Birçok politik ve ekonomik belirsizliklerin yaşandığı Dünyamızda, tüm küreselleşen ekonomilerde olduğu gibi ülkemizde bahsi geçen riskleri bünyesinde barındırmakta, bu risklerden korunmak için (hedging) türev ürünlere duyulan gereksinim de her geçen gün daha da artmaktadır.

Bankacılık Denetleme ve Düzenleme Kurulu (BDDK) verilerine göre, Türk Bankacılık Sektörünün Eylül 2017 itibarıyla gerçekleştirdiği türev ürün alım ve satım tutarı hacmi 2,5 TrilyonTL hacmine ulaşmış olup bu rakam yıl sonu tahminlerine göre Türkiye’nin 2017 yılı Gayri Safi Yurt İçi Hasılası (GSYH) olan 3 Trilyon TL’nin % 83’üne denk gelmektedir. Takdir edersiniz ki bu rakam oldukça büyük bir işlem hacmini ifade etmektedir.

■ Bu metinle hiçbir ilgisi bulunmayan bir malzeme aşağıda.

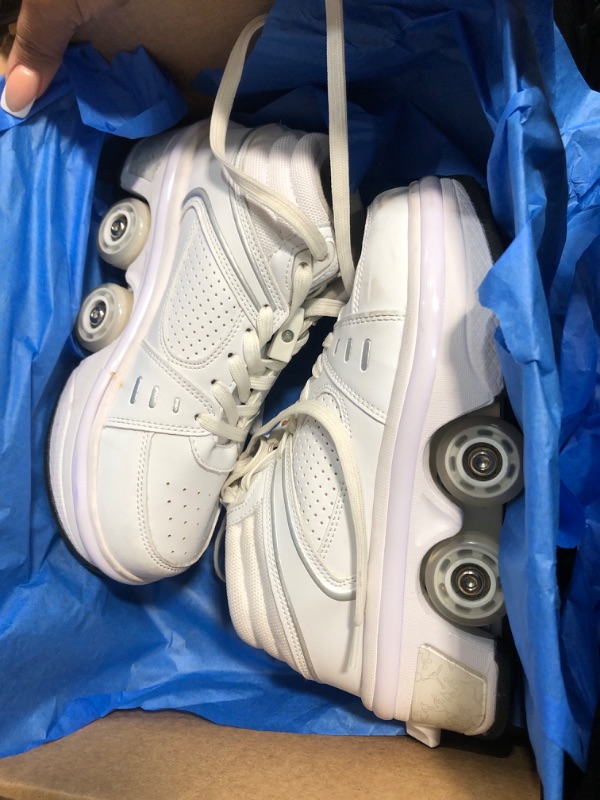 Photo 2 of Kid‘s Roller Shoes Skate?Adult's White Walk Deformation Shoes ?Outdoor Running Shoes with Wheel, size 4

Yapılan türev işlemlerin türlerinin dağılımına baktığımızda ise büyük çoğunluğunun swap (ana para) işlemlerinden oluştuğu görülmekle birlikte, tüm bu ürünlerin kullanımındaki öncelikli amacın TL’nin döviz karşısındaki değer kaybına karşı pozisyon alınmak olduğu rahatlıkla söylenebilir.



Sonuç

T.C. Merkez Bankası (TCMB) verilerine göre, 2018 yılı içerisinde, Türkiye’nin vadesine göre bir yıldan kısa olan dış borç stokunun toplamı 170 milyar dolardır. Bunun 69 milyar dolarlık kısmı ise reel sektör borcudur. Bu tutara yıl sonu itibariyle yaklaşık 35-40 milyar dolar civarında olacağı tahmin edilen cari açık tutarı da eklendiğinde Türkiye’nin toplam döviz ihtiyacı 2018 yılında kabaca205-210 milyar dolar olacaktır.

Dünya’da faizlerin yönünün yukarı doğru olduğu (FED süreci), buna bağlı olarak da dövizin pahalılaşarak kurların TL karşısında yükseleceği bir ortamda, Türk reel sektörü açısından hedging (koruma) işlemlerinin yapılmaya devam edilmesi her zamankinden daha çok önem arz edecektir. Türk ekonomisinin temel dinamiklerini değiştirecek yapısal reform süreci tamamlanmadan alınmaya çalışılacak tedbirlerin etkisi ise maalesef minör düzeyde kalacaktır.